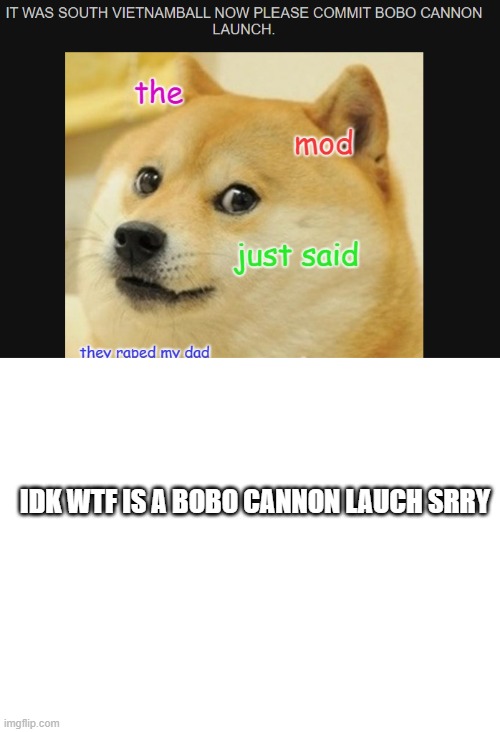 I raped your father, and I will fuck him another time. | IDK WTF IS A BOBO CANNON LAUCH SRRY | image tagged in blank white template,memes,funny,msmg | made w/ Imgflip meme maker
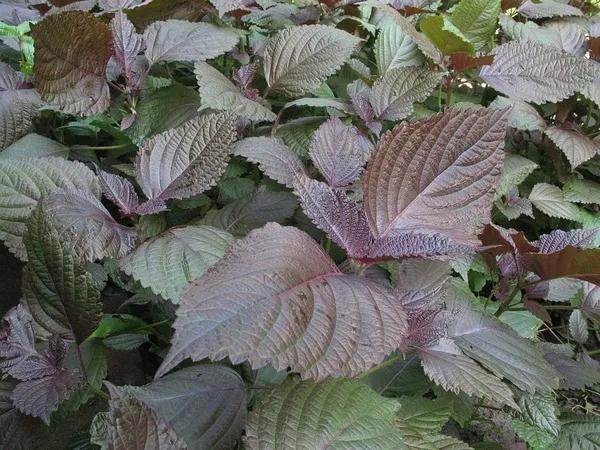 北方藥材,北方藥材種植項目哪種最好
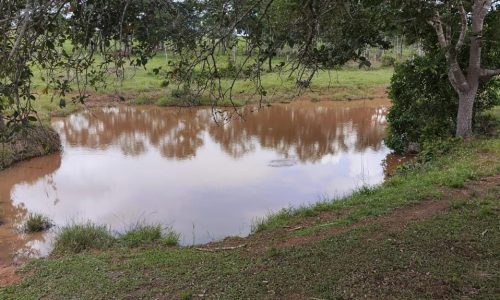 WhatsApp Image 2025-05-21 at 09.11.41 (1)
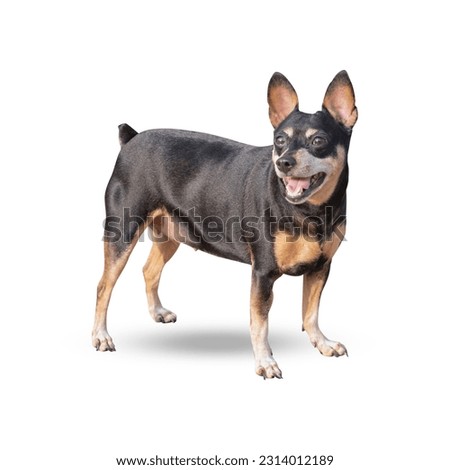 Miniature Pinscher isolated on white background Royalty-Free Stock Photo #2314012189
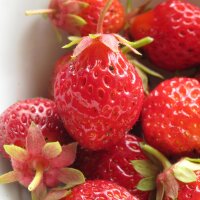 Erdbeere Rote Baron Solemacher (Fragaria vesca var....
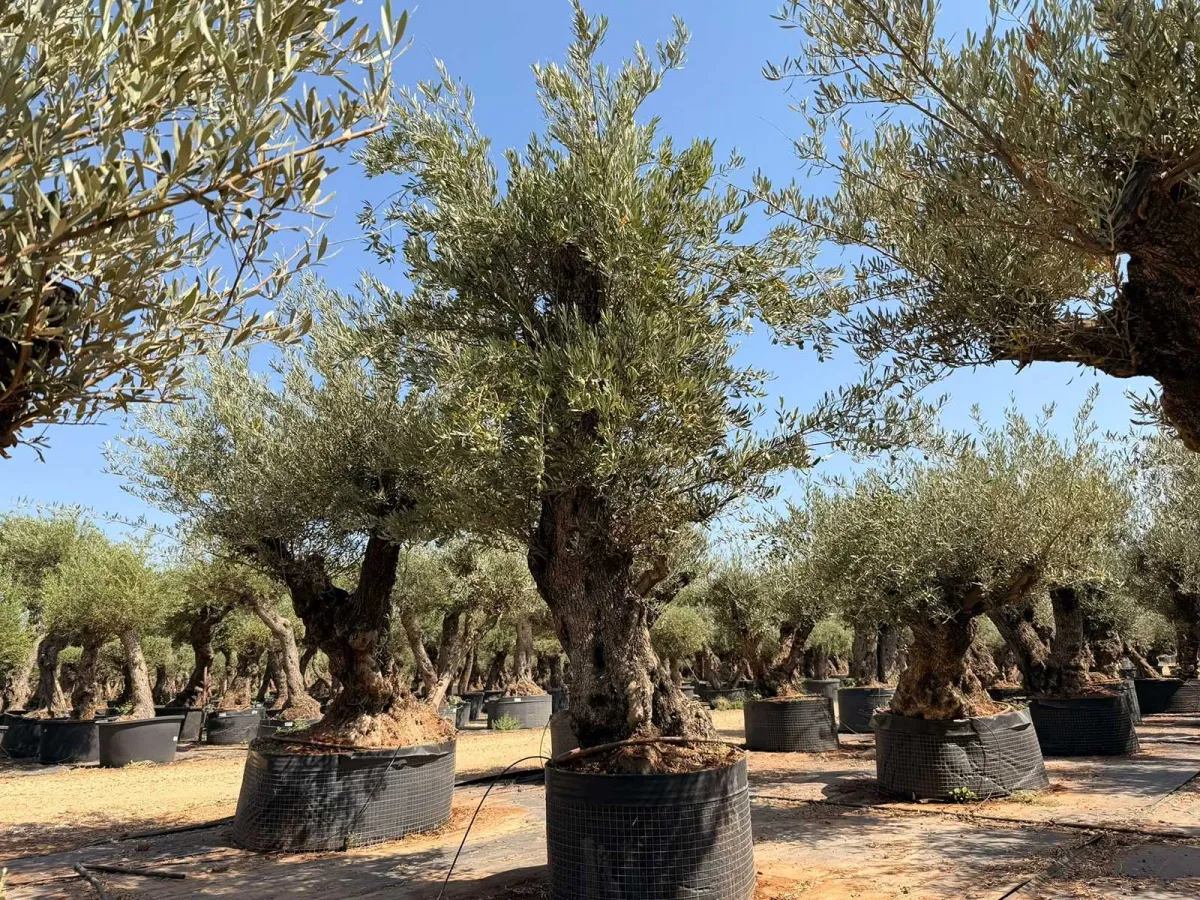 Olive tree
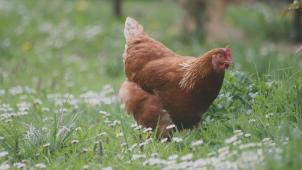 tina-xinia-jutd9VlBm_o-unsplash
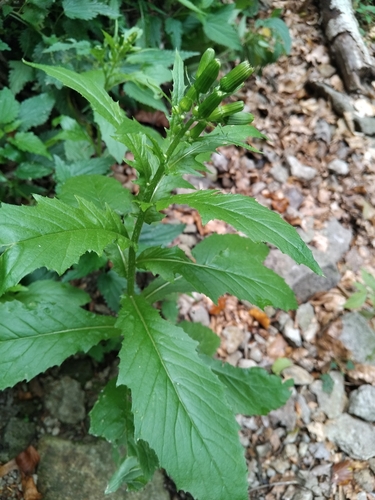 American burnweed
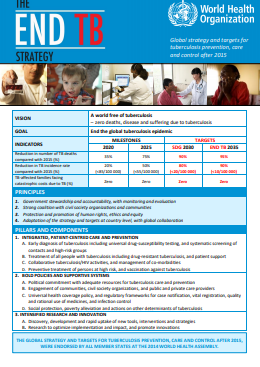 The End TB Strategy: information sheet
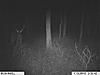 2010 Hunting Net Trail camera pictures!-1trailcam-grandmoms-257.jpg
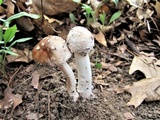 Hypomyces hyalinus image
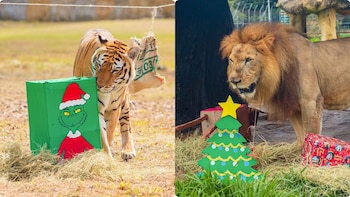 Con juegos, comida y ejercicios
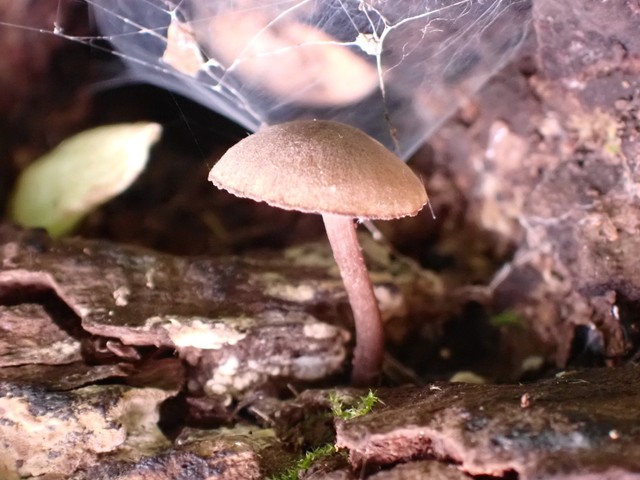 Hesler's Callistosporium (Callistosporium hesleri)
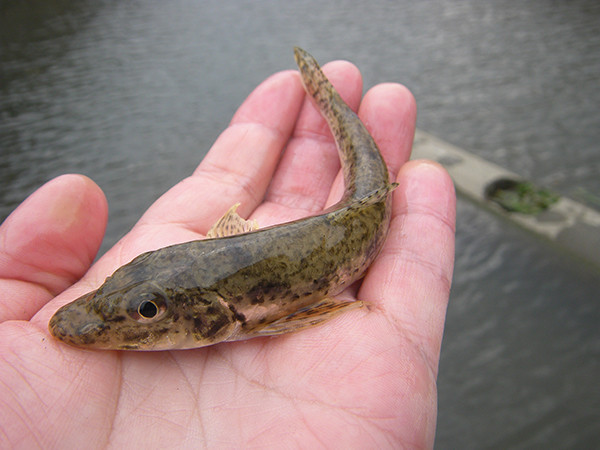 f:id:OIKAWAMARU:20180301083537j:image f:id:OIKAWAMARU:20180301083537j:image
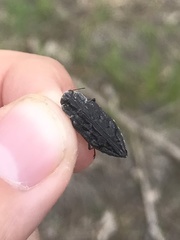 Chrysobothris dentipes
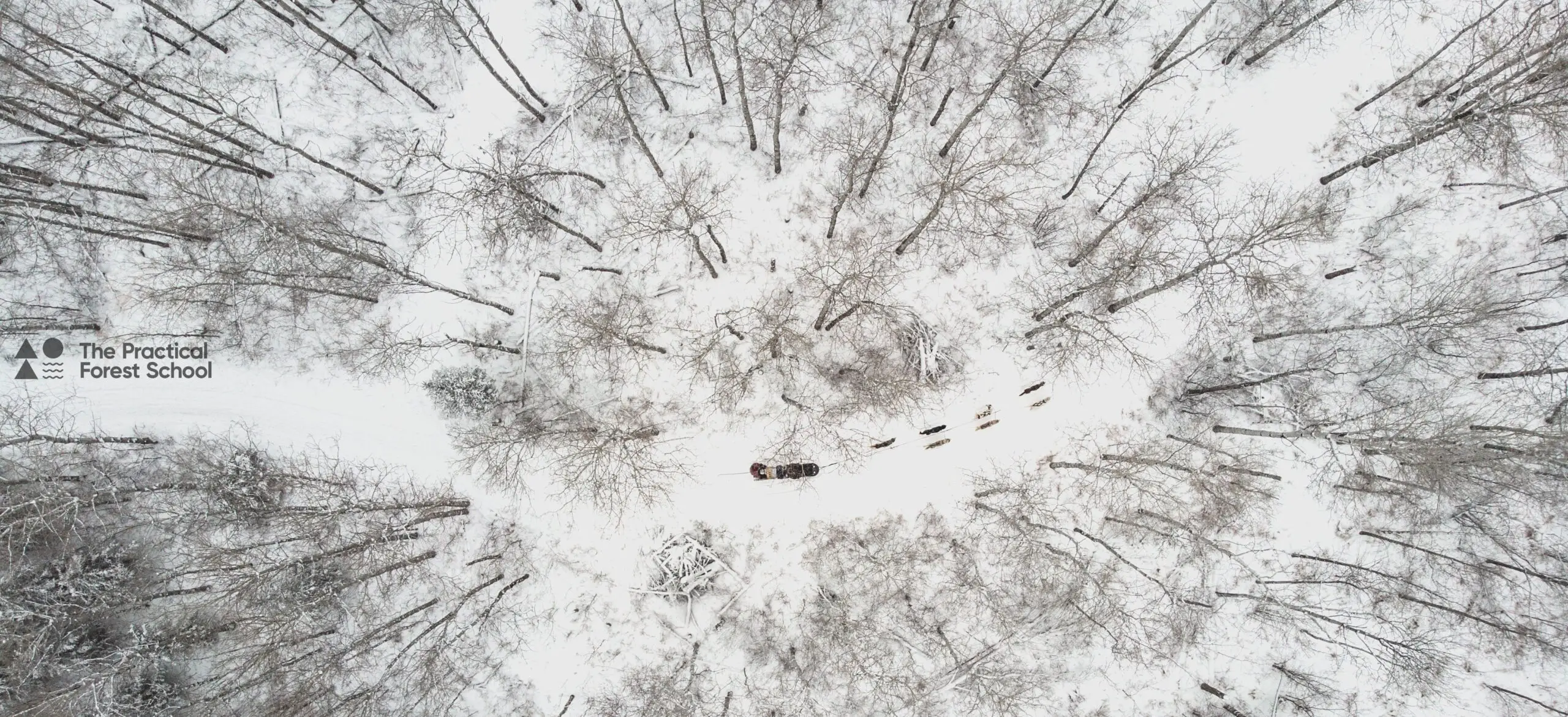 Dog sled from above driving through a snowy landscape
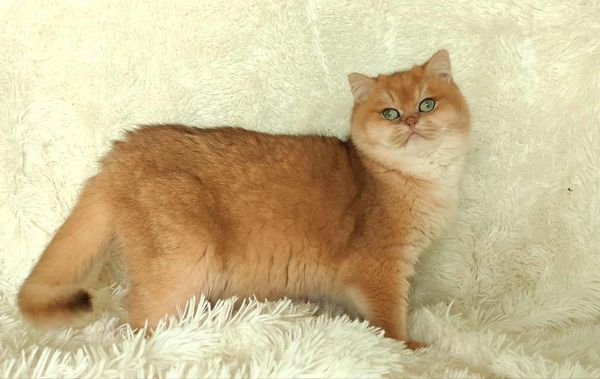 British Shorthair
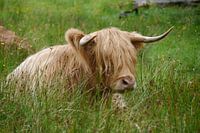 Schottischer Highlander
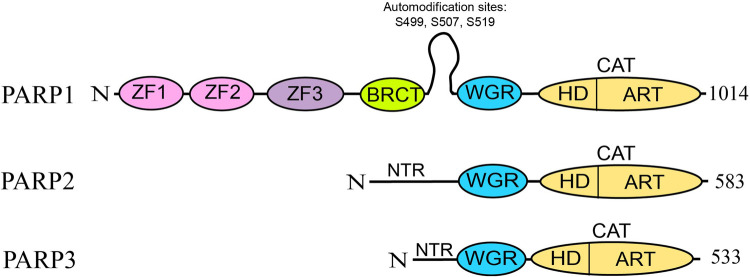 Figure 1.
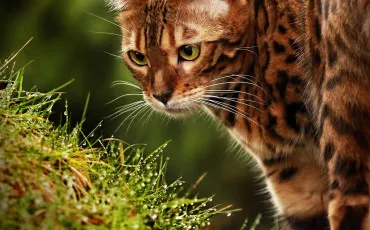 Quiz Gardiens des cites perdues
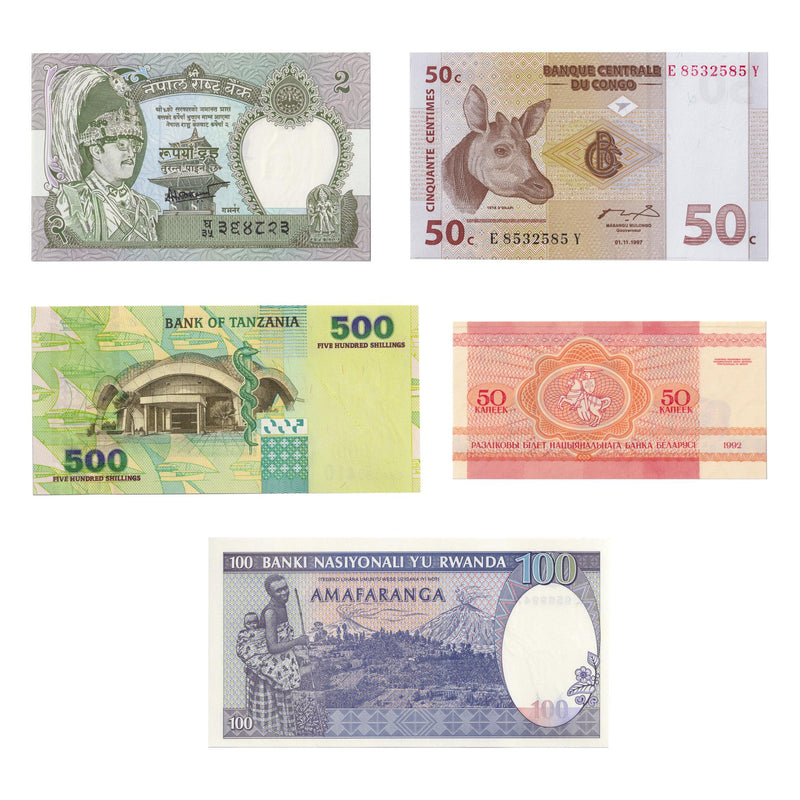 5 Banknote Set | Terrestrial Animals | Squirrel | Leopard | Okapi | Water Buffalo | Zebra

* **Exercise**
In your copy, include no pictures; print every line above exactly.

* **Output for this exercise**
 I raped your father, and I will fuck him another time. | IDK WTF IS A BOBO CANNON LAUCH SRRY | image tagged in blank white template,memes,funny,msmg | made w/ Imgflip meme maker
 北方藥材,北方藥材種植項目哪種最好
 WhatsApp Image 2025-05-21 at 09.11.41 (1)
 Miniature Pinscher isolated on white background Royalty-Free Stock Photo #2314012189
 Erdbeere Rote Baron Solemacher (Fragaria vesca var....
 Olive tree
 tina-xinia-jutd9VlBm_o-unsplash
 American burnweed
 The End TB Strategy: information sheet
 2010 Hunting Net Trail camera pictures!-1trailcam-grandmoms-257.jpg
 Hypomyces hyalinus image
 Con juegos, comida y ejercicios
 Hesler's Callistosporium (Callistosporium hesleri)
 f:id:OIKAWAMARU:20180301083537j:image f:id:OIKAWAMARU:20180301083537j:image
 Chrysobothris dentipes
 Dog sled from above driving through a snowy landscape
 British Shorthair
 Schottischer Highlander
 Figure 1.
 Quiz Gardiens des cites perdues
 5 Banknote Set | Terrestrial Animals | Squirrel | Leopard | Okapi | Water Buffalo | Zebra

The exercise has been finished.